CSCI 331
Database Assignment
Disk Access
512B/block*20 blocks/track*400 tracks/surface*30 surfaces = 122,880,000 Bytes = 117 MB disk
(1024*1024 = 1,048,576Bytes/MByte)
400
122,880,000/400 = 307,200 Bytes
307,200/30= 10240Bytes
5400 RPM => 11.11msec/rev (60 *1000)/5400
512*20/11.11 = 921.7B/msec
btt = s+rd+bt = 12 + 11.11/2 + 11.11/20 = 18.12msec
20 * 18.12 = 362.4
12 + (20* 11.11/2 +11.11/20) = 134.4
iii. 20 consecutive blocks?
12 + 5.56 + 20 * .56 = 28.76
105 Bytes
floor(512/105) = 4
20000/4 = 5000
linear search => must retrieve 5000/2 blocks => 2500 * 18.12ms = 45,300 msec = 45.3 sec (3/4 of a minute!)
Binary search => log2 of 5000 = 13 blocks => 13 * 18.12 = 235.56 msec (1/4 of a second!)
linear search => same answer as d => 45.3 sec
Bucket Records on disk block
Assumptions:
we have a table of n pointers to the n blocks used for the ordered file and m pointers for the overflow file.
the number of records per block is small (e.g. 5)
Binary_Search( Record R)
low = 0
high = n
while (low < high)
mid = (low + high)/2
if ( last_record_in_block(Ordered_file(mid)) < R)
low = mid + 1
else high = mid
return low
int Deletion(Record R))
Found = false
Block_Number = binary_Search (R)
if (in_block(R, Ordered(Block))) //If record is found in the ordred block
remove(R) //Remove the record
Found = true // indicate found
else
i = 0
while(!Found && i < m) //While not found and more blocks available
if (in_block(R, Unordered(i)))
remove(R)
Found = true
i++
return found
int Insertion(Record R)
Block_Number = binary_Search (R) //This part is not required
if(!Full(Ordered(Block_Number ))) // if you assume that all
Block_insert (R, Ordered(Block_Numbered)) //insertions are done into
else //the overflow area
i = 0
while(Full(Unordered(i))
i ++
Block_insert(R, Unordered(i))
Each index record would need to hold a SSN (9 Bytes) and a pointer to the physical address.
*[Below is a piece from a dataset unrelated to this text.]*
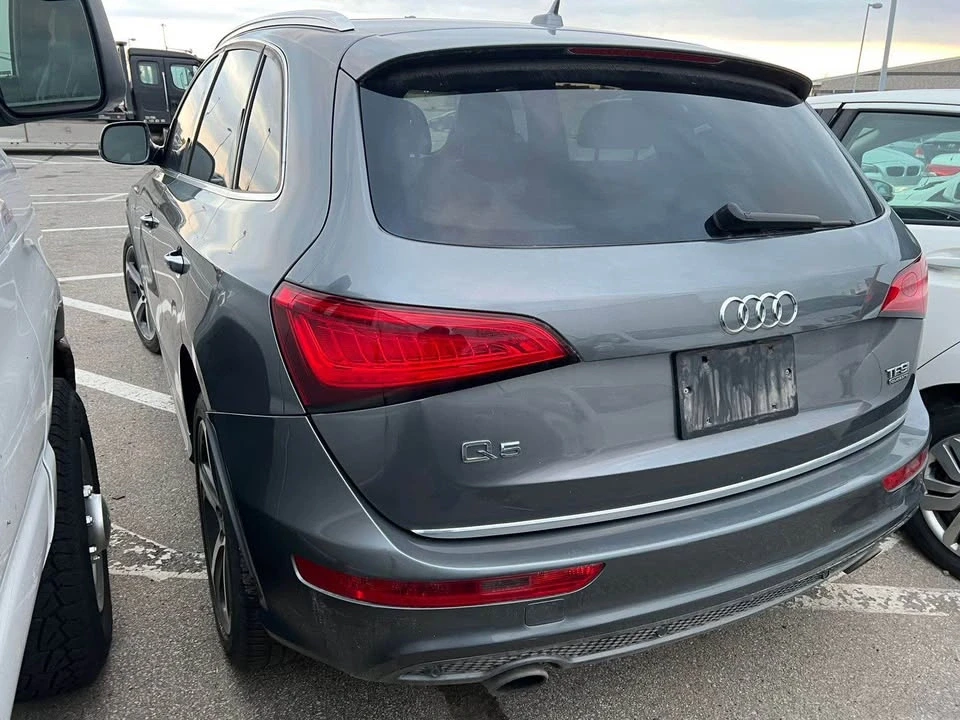 2016 Audi 8R Q5 - Image 10 of 11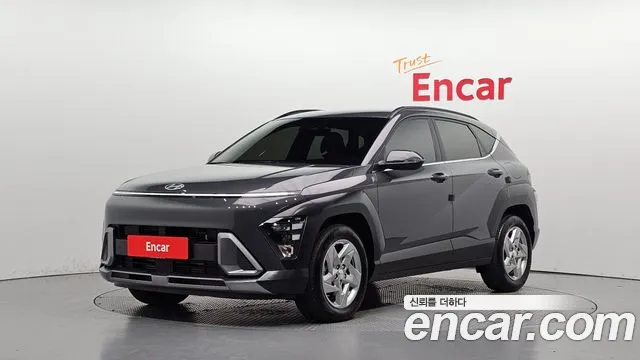 Hyundai Kona — экстерьер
A physical address must identify the surface, track, and block which would take a minimum of 19 bits. Assume a 3 Byte address.
We need 1 index record for each block (the first SSN on the block) and since we have 5000 blocks (from problem 2) we would have 5000 records. Since each block holds 512 Bytes and we use 12 Bytes per record, we can store 42 records per block and require 120 blocks to hold the index.
A binary search can be done on the index to determine the block . This would take 7 accesses on average + 1 for the data access, 8 accesses in all.
If instead, you assumed a table of physical address exists in memory, the index could simply indicate a block number which could be done handled with a 2 byte integer value, resulting in 11 Bytes for each record and 46 records on each block, 109 blocks for the index, which still requires 7 accesses to find the block that holds the data and 1 to retrieve the data = 8 accesses in all.
Since a binary search of the data itself would take 13 accesses, the time savings would be approximately 46% while increasing our space needs by 2.4%
In this case, we would need an index record for each SSN instead of each block resulting in 20,000 records in the index file. This would require 477 blocks 20,000/42)-. A binary search of the index would take 9 accesses plus 1 additional access to retrieve the data, 10 accesses in all. Without the secondary index, a linear search would need to be done on the data requiring on average 2,500 accesses.
In this case, we would have a 99.6% reduction in the amount of time at a cost of 10% in space!!!!